Día tras día he mirado y remirado, cuidado, mimado (bueno, esto último sólo un poquillo), regado y vigilado unas plantas de fresas silvestres. A cambio, las múltiples y apelotonadas plantitas han ido gestando una única fresita cónica, no demasiado bonita pero cada día más apetecible. APUNTE: NO echar todo un sobre de semillas en una única jardinera: es una mala idea. La fresita ha ido creciendo y enrojeciéndose. Con una paciencia insólita, la he ido girando para que le diera el sol por toda su minúscula superficie para así, darme el sábado un señor banquete con mi liliputiense y ajardinada fresa silvestre.
Sábado por la mañana, el jardinero ve la fresita, sonríe y espera a que poco después yo la descubra también, preparada para ser disfrutada.

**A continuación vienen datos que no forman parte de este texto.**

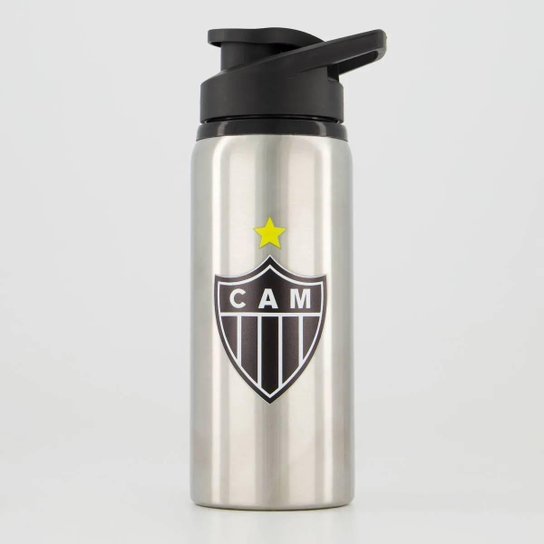 Kit Atlético Mineiro BonéSqueeze Alumínio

Dos horas más tarde, salgo a ver a la fresita y… ¡desaparecida! ¡está desaparecida!
Busco por todos los rincones del lugar, estoy incluso por interrogar a las lagartijas, testigos de tamaño misterio. Pero la fresita no aparece y en su lugar tan solo se vislumbra lo que fuera el ¿pedúnculo? Desconozco si se le llama así: me refiero a la parte verdosa que une el pequeño tallo con la ansiada frutilla.

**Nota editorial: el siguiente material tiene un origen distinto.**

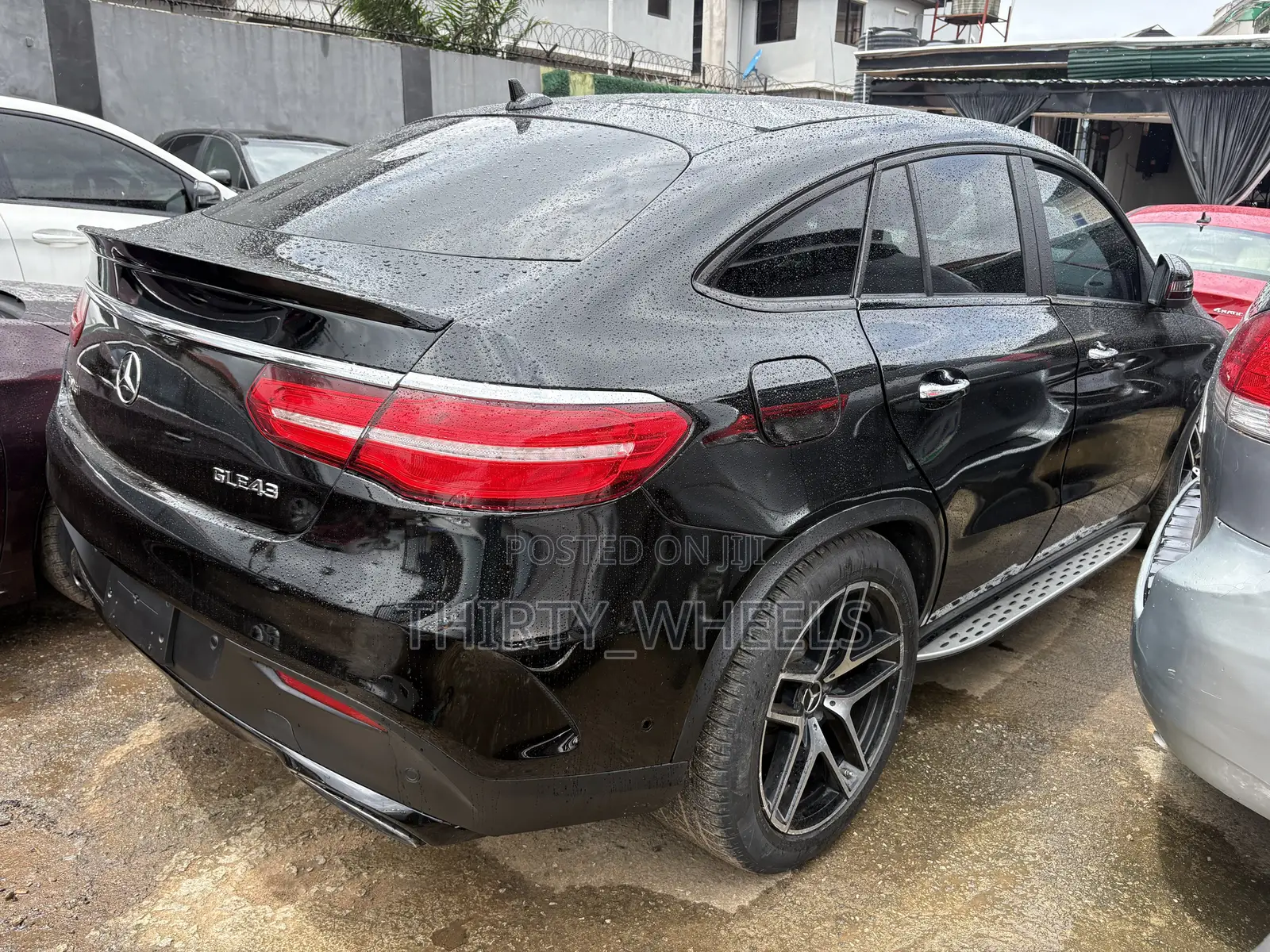Mercedes-Benz GLE-Class 2019 Black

Vuelve el jardinero y le pregunto, primero intrigada: ¿y la fresita?, luego seria ¿y la fresita?, más tarde enfadada ¿y la fresita?, después desesperada ¿y la fresita? Pero jura no saberlo una y otra vez y tengo que creerle.
Nuestra querida fresita nunca apareció, pero algunas tardes nos parece oír la extraña risa de un mirlo.
Off the record: Como pille una piedra a tiempo te vas a quedar sin dientes, pajarraco ladrón.